[Aim of the task]
A verbatim reproduction of the lines below, from the line containing "Running Champion Jaunt Pink Sneakers" through the line containing "Куртка Nike Air Jordan Brooklyn 85F014-023", both ends included, is the whole required output.

[Extracted data]

== Segment start ==

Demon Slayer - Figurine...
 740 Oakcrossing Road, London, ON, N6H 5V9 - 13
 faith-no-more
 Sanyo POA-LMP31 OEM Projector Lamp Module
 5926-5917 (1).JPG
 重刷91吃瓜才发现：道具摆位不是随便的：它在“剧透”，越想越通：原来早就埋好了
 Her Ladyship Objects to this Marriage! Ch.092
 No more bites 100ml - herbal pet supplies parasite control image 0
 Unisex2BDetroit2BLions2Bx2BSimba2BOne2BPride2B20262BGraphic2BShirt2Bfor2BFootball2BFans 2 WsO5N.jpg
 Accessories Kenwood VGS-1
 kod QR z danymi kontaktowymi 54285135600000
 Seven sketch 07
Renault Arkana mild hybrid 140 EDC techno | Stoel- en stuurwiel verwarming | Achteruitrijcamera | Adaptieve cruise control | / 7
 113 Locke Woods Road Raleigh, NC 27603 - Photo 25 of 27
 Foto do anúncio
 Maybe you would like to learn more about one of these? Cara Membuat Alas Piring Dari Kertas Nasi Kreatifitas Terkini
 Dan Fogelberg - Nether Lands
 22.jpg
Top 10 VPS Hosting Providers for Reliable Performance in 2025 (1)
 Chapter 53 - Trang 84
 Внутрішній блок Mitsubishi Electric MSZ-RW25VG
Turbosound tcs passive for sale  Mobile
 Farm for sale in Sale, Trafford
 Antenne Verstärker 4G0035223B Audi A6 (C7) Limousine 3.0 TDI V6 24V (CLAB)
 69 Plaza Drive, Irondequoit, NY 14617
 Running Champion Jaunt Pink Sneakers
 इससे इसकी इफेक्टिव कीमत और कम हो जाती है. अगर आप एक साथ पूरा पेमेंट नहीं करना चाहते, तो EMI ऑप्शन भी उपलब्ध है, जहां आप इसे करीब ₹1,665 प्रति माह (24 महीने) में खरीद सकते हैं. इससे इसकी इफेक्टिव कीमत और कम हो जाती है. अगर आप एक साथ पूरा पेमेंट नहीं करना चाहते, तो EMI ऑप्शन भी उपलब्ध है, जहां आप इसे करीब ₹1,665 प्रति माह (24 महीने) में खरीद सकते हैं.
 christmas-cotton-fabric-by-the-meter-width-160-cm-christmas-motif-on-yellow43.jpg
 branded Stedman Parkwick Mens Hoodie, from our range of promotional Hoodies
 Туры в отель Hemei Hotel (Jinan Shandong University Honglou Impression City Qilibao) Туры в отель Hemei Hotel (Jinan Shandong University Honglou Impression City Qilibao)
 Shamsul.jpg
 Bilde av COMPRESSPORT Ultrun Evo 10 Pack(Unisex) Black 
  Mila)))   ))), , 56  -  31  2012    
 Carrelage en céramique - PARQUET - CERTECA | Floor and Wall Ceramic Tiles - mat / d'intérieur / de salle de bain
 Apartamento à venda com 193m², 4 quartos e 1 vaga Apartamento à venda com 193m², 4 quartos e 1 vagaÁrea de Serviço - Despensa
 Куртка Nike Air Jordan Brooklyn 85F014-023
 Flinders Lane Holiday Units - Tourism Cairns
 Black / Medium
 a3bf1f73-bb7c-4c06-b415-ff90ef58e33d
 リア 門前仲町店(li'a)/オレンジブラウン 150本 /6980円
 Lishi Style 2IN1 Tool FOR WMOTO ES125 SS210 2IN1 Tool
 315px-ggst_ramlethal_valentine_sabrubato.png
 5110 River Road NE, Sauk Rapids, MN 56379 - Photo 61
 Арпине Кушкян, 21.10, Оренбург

== Segment end ==

[Solution for this problem]
 Running Champion Jaunt Pink Sneakers
 इससे इसकी इफेक्टिव कीमत और कम हो जाती है. अगर आप एक साथ पूरा पेमेंट नहीं करना चाहते, तो EMI ऑप्शन भी उपलब्ध है, जहां आप इसे करीब ₹1,665 प्रति माह (24 महीने) में खरीद सकते हैं. इससे इसकी इफेक्टिव कीमत और कम हो जाती है. अगर आप एक साथ पूरा पेमेंट नहीं करना चाहते, तो EMI ऑप्शन भी उपलब्ध है, जहां आप इसे करीब ₹1,665 प्रति माह (24 महीने) में खरीद सकते हैं.
 christmas-cotton-fabric-by-the-meter-width-160-cm-christmas-motif-on-yellow43.jpg
 branded Stedman Parkwick Mens Hoodie, from our range of promotional Hoodies
 Туры в отель Hemei Hotel (Jinan Shandong University Honglou Impression City Qilibao) Туры в отель Hemei Hotel (Jinan Shandong University Honglou Impression City Qilibao)
 Shamsul.jpg
 Bilde av COMPRESSPORT Ultrun Evo 10 Pack(Unisex) Black 
  Mila)))   ))), , 56  -  31  2012    
 Carrelage en céramique - PARQUET - CERTECA | Floor and Wall Ceramic Tiles - mat / d'intérieur / de salle de bain
 Apartamento à venda com 193m², 4 quartos e 1 vaga Apartamento à venda com 193m², 4 quartos e 1 vagaÁrea de Serviço - Despensa
 Куртка Nike Air Jordan Brooklyn 85F014-023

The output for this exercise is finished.